Information supplied>
▬▬▬
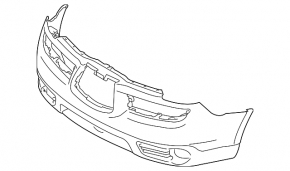 Subaru B9 Tribeca front bumper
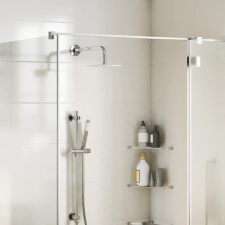  Négyszögletes rozsdamentes acél esőztető zuhanyrózsa 20x20 cm csaptelep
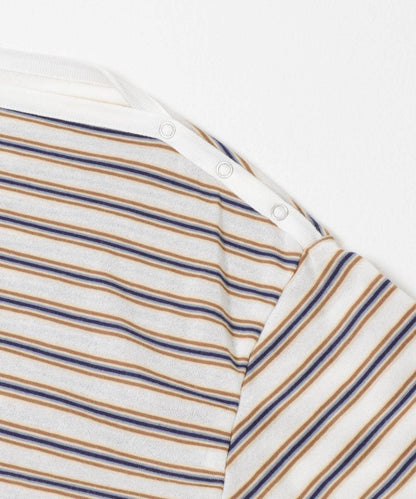 多色條紋 2WAY設計 上衣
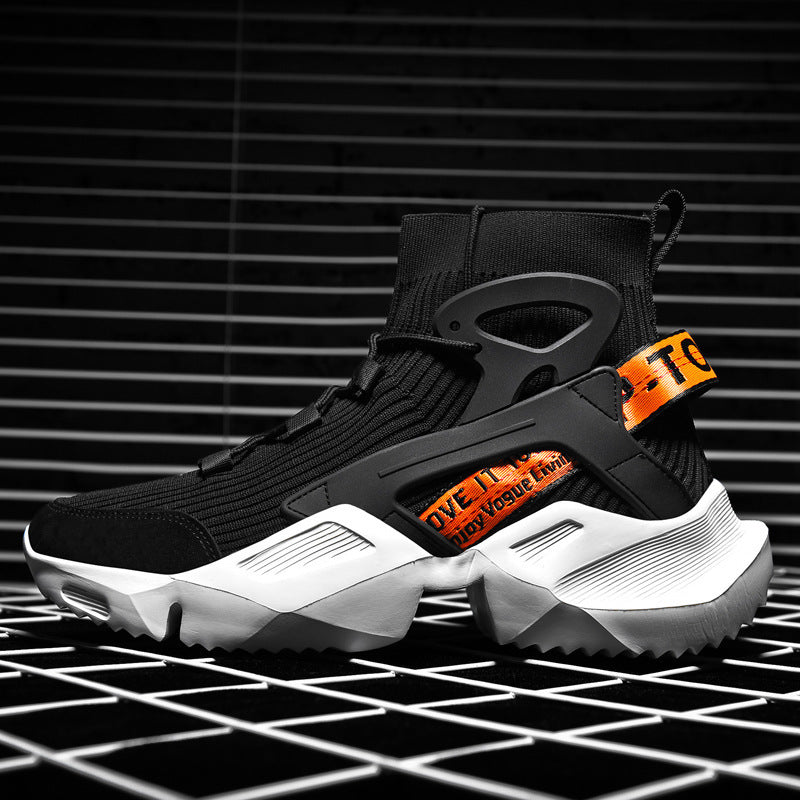 Damen High-Top Sneakers mit innovativem Futuristischem Design R&B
▬▬▬
What is expected> An exact copy of the listing is needed, minus its pictures.

Written solution>
 Subaru B9 Tribeca front bumper
  Négyszögletes rozsdamentes acél esőztető zuhanyrózsa 20x20 cm csaptelep
 多色條紋 2WAY設計 上衣
 Damen High-Top Sneakers mit innovativem Futuristischem Design R&B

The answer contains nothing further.